John MacFarlane wrote:
Can anyone help me understand this odd behavior in Text.Regex.Posix (GHC 6.6)?
Prelude Text.Regex.Posix Text.Regex> subRegex (mkRegex "\\^") "he\350llo" "@" "he@llo"
Why does /\^/ match \350 here? Generally Text.Regex.Posix seems to work fine with unicode characters. For example, \350 is treated as a single character here:
Prelude Text.Regex.Posix Text.Regex> subRegex (mkRegex "e.l") "he\350llo" "@" "h@lo"
The problem is specific to \350 and doesn't happen with, say, \351:
Prelude Text.Regex> subRegex (mkRegex "\\^") "he\351llo" "@" "he\351llo"

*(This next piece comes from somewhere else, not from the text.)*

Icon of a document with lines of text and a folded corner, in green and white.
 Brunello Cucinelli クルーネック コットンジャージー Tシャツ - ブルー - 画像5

Is this a bug, or just something I'm not understanding?
John
_______________________________________________ Haskell-Cafe mailing list Haskell-Cafe@haskell.org http://www.haskell.org/mailman/listinfo/haskell-cafe
The Text.Regex API calls the regex-posix backend in Text.Regex.Posix which hands off the matching to the (very slow) posix c library. And this library does not know unicode from a hole in the ground -- all Char are truncated to a single byte: chr (ord '\350' `mod` 256) is '^' Thus your pattern, which matches the character '^' will match '\350'. http://darcs.haskell.org/packages/ http://darcs.haskell.org/packages/regex-unstable/ For a full Char matching regex backend you should get regex-parsec. The regex-dfa backend has problems which I have not uploaded the fix to. The regex-pcre backend ought to handle UTF8 -- but you have to handle the conversion to UTF8, for which Data.ByteString will come in handy. The unstable library regex-tdfa is much faster then regex-parsec and is more POSIX compliant than regex-posix. It should go stable within a week.